Search code examples
pythoncsvdataframeredisdistributed

Convert CSV table to Redis data structures


I am looking for a method/data structure to implement an evaluation system for a binary matcher for a verification.

This system will be distributed over several PCs.

Basic idea is described in many places over the internet, for example, in this document: https://precisebiometrics.com/wp-content/uploads/2014/11/White-Paper-Understanding-Biometric-Performance-Evaluation.pdf

This matcher, that I am testing, takes two data items as an input and calculates a matching score that reflects their similarity (then a threshold will be chosen, depending on false match/false non-match rate).

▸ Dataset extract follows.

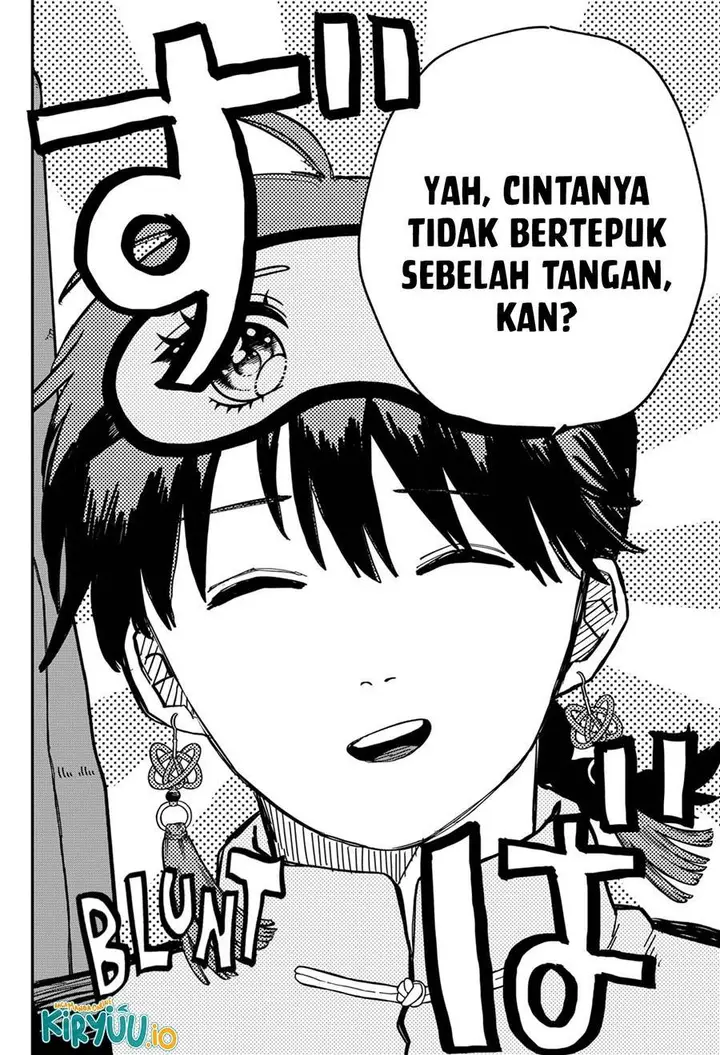 image-komik-youchien-wars-chapter-75-14/20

Currently I store matching scores along with labels in CSV file, like following:

label1, label2, genuine, 0.1
label1, label4, genuine, 0.2
... 
label_2, label_n+1, impostor, 0.8
label_2, label_n+3, impostor, 0.9
...
label_m, label_m+k, genuine, 0.3
...

(I've got a labeled data base)

Then I run a python script, that loads this table into Pandas DataFrame and calculates FMR/FNMR curve, similar to the one, shown in figure 2 in the link above. The processing is rather simple, just sorting the dataframe, scanning rows from top to bottom and calculating amount of impostors/genuines on rows above and below each row.

The system should also support finding outliers in order to support matching algorithm improvement (labels of pairs of data items, produced abnormally large genuine scores or abnormally small impostor scores). This is also pretty easy with the DataFrames (just sort and take head rows).

Now I'm thinking about how to store the comparison data in RAM instead of CSV files on HDD.

I am considering Redis in this regard: amount of data is large, and several PCs are involved in computations, and Redis has a master-slave feature that allows it quickly sync data over the network, so that several PCs have exact clones of data. It is also free.

However, Redis does not seem to me to suit very well for storing such tabular data.

Therefore, I need to change data structures and algorithms for their processing. However, it is not obvious for me, how to translate this table into Redis data structures.

Another option would be using some other data storage system instead of Redis. However, I am unaware of such systems and will be grateful for suggestions.


Solution

  • You need to learn more about Redis to solve your challenges. I recommend you give https://try.redis.io a try and then think about your questions.

    TL;DR - Redis isn't a "tabular data" store, it is a store for data structures. It is up to you to use the data structure(s) that serves your query(ies) in the most optimal way.

    IMO what you want to do is actually keep the large data (how big is it anyway?) on slower storage and just store the model (FMR curve computations? Outliers?) in Redis. This can almost certainly be done with the existing core data structures (probably Hashes and Sorted Sets in this case), but perhaps even more optimally with the new Modules API. See the redis-ml module as an example of serving machine learning models off Redis (and perhaps your use case would be a nice addition to it ;))

    Disclaimer: I work at Redis Labs, home of the open source Redis and provider of commercial solutions that leverage on it, including the above mentioned module (open source, AGPL licensed).